I proventi sono destinati a finanziare o rifinanziare progetti allineati con il portafoglio di investimenti verdi della società, tra cui le energie rinnovabili e altre iniziative legate agli obiettivi di decarbonizzazione dell'Europa e alla tassonomia di sostenibilità.
L'operazione è significativa perché dimostra che le utility possono ancora collocare grandi operazioni benchmark nonostante i tassi d'interesse più elevati. Invece di scoraggiare le emissioni, i rendimenti più elevati sembrano aver semplicemente reimpostato il livello di prezzo per il debito sostenibile.
La norvegese DNB Bank ha aggiornato il suo Green Finance Framework nel 2026, che le consente di emettere obbligazioni coperte verdi, obbligazioni senior e strumenti Tier 2 legati a categorie di finanziamento come l'energia rinnovabile, gli edifici verdi e il trasporto pulito.
In seguito a questo aggiornamento, la banca è tornata sul mercato primario dell'euro con un green senior non-preferred bond, aggiungendo capitale assorbente per le perdite e rafforzando al contempo il suo ruolo nei mercati europei della finanza sostenibile.
Aggiornamenti del quadro come questo sono sempre più importanti: gli investitori vogliono criteri di ammissibilità chiari, l'allineamento a standard riconosciuti come i Green Bond Principles dell'ICMA e una rendicontazione trasparente su come vengono utilizzati i proventi.
La società immobiliare svedese Diös Fastigheter ha emesso 600 milioni di corone svedesi (SEK) in green bond senior unsecured con scadenza triennale, nell'ambito del suo quadro di finanziamento verde.
L'operazione comprendeva sia tranche a tasso variabile che a tasso fisso, ed è stata collocata a un margine dell'1,33%, il livello più basso mai raggiunto per quella scadenza nel programma obbligazionario della società.
La domanda degli investitori è stata forte: il portafoglio ordini ha raggiunto circa 2,3 volte l'importo dell'offerta, consentendo un pricing inferiore alle indicazioni iniziali.

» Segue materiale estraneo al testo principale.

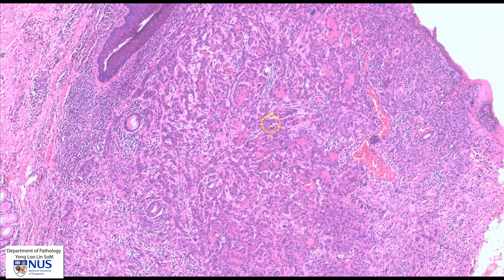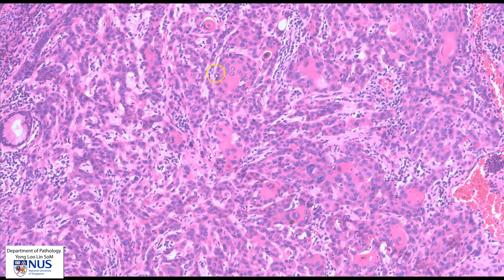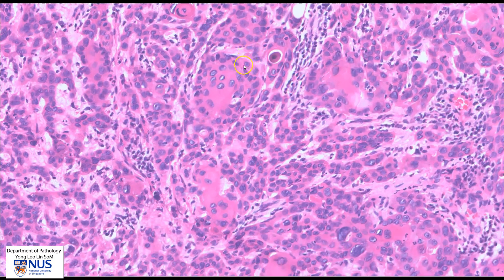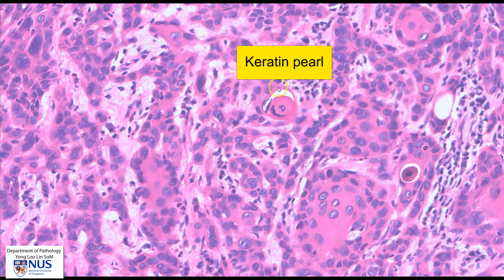So looking at this abnormal area, and this is in the supraglottic region, we can see that the tumor is composed of these irregular nests of malignant cells infiltrating into the stroma, and these cells are polygonal in shape. They have nuclei which appear to be moderately pleomorphic. These cells have very dense eosinophilic cytoplasm. We can also see some small keratin pearls forming here.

Questa sovrascrizione è particolarmente significativa perché Diös è una società immobiliare regionale, non un grande emittente sovranazionale o utility, a dimostrazione che l'appetito degli investitori si estende oltre i mutuatari più grandi.
Nel loro insieme, queste transazioni evidenziano diverse tendenze importanti che stanno plasmando il mercato europeo del debito sostenibile:
1. La domanda degli investitori rimane profonda.
Le operazioni sovrascritte e i grandi portafogli ordini, dall'emissione record di NIB alle obbligazioni societarie di Diös, indicano che il capitale focalizzato sui criteri ESG rimane abbondante.
2. I tassi d'interesse più elevati non hanno fermato le emissioni.
Invece di sopprimere l'attività, l'aumento dei rendimenti ha semplicemente reimpostato i livelli di prezzo, mantenendo il mercato funzionale per gli emittenti frequenti.
3. La credibilità e i quadri di riferimento contano più che mai.
Gli emittenti che aggiornano i loro quadri di finanza verde e si allineano agli standard riconosciuti tendono ad attrarre una partecipazione più forte degli investitori.
4. Il mercato abbraccia molti settori.
Le recenti operazioni provengono da istituti di credito sovranazionali, utility, banche e società immobiliari, dimostrando l'ampiezza dell'ecosistema dei green bond europei.
Nonostante un contesto di tassi più elevati, il mercato europeo del debito sostenibile continua a mostrare resilienza. Grandi operazioni benchmark da parte di istituzioni come la NIB, emissioni societarie da parte di utility come EDP e transazioni sovrascritte da emittenti più piccoli come Diös puntano tutte a una conclusione coerente: gli investitori vedono ancora i green bond come una classe di attività fondamentale per finanziare la transizione energetica e le infrastrutture allineate al clima.
Per gli emittenti, la lezione è chiara: quadri di riferimento credibili, un impatto ambientale trasparente e un impegno regolare con il mercato rimangono fondamentali per attingere a questo pool di capitali.